Anna Netrebko, a bela mezzo soprano russa de voz impecável, é protagonista de uma publicidade de tintura para cabelos exibida na tv, dessas do tipo eu-também-uso-e-você está-esperando-o-que-para-os-seus-cabelos-ficarem-tão-lindos-como-os-meus. Bobagem, mas eu me decepcionei. Não esperava vê-la nesse papel. Teria preferido vê-la apenas nos palcos dos grandes teatros soltando a voz. E me pergunto qual é o público alvo pretendido pela empresa de tintura de cabelos. Netrebko não é Madona, não é um rosto conhecido. Lógico que o problema é dela e não meu, mas se eu tivesse uma voz como a dela e cabelos como os dela, não teria me vendido como garota propaganda de produtos para cabelos. Teria sido preferível ter descoberto que ela dormiu com algum maestro influente para ganhar um papel título numa ópera do que vê-la vendendo colorantes. Tem algo fora do lugar.

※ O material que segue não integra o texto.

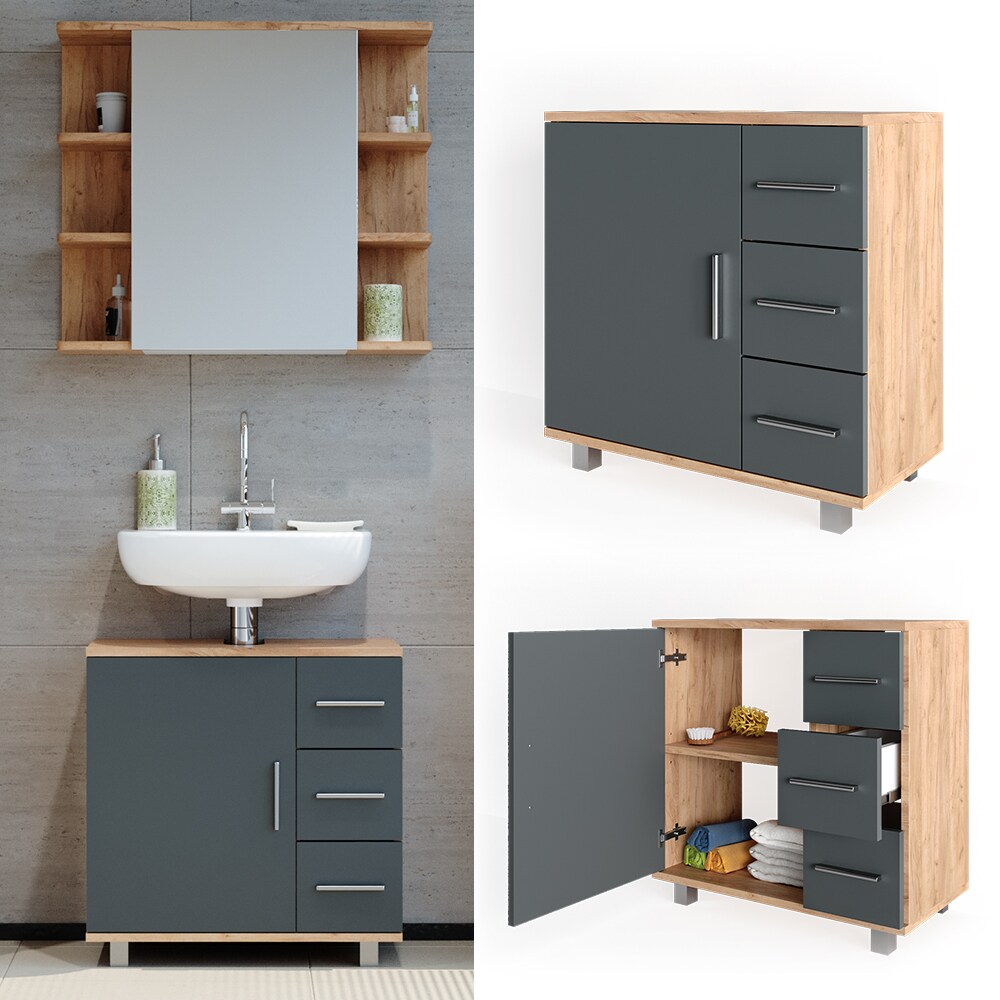 Vicco Waschtischunterschrank Ilias Badschrank Badezimmerschrank Waschbeckenunterschrank Unterstellschrank Eiche Anthrazit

Cantora de ópera fazendo propaganda de tintura de cabelos na televisão não é natural Imagine Maria Callas fazendo propaganda de absorvente higiênico. Então. Não deu para imaginar, não é? Mas Netrebko não é Maria Callas, nem Sutherland, nem Anne Sofie von Otter, nem Leontine Price, nem Jessie Norman, e agora vai despontar para o lado mais menosprezado pelos fãs de ópera que não perdoam cantoras ou cantores que querem o sucesso a qualquer preço. É assim. O universo da Ópera é diferente, tem todos os pressupostos do universo pop, mas não admite o comportamento pop. Vai ter que fazer noites de gala, cds the best of e quem sabe até comercial de sabonete. Elitista? Imagina!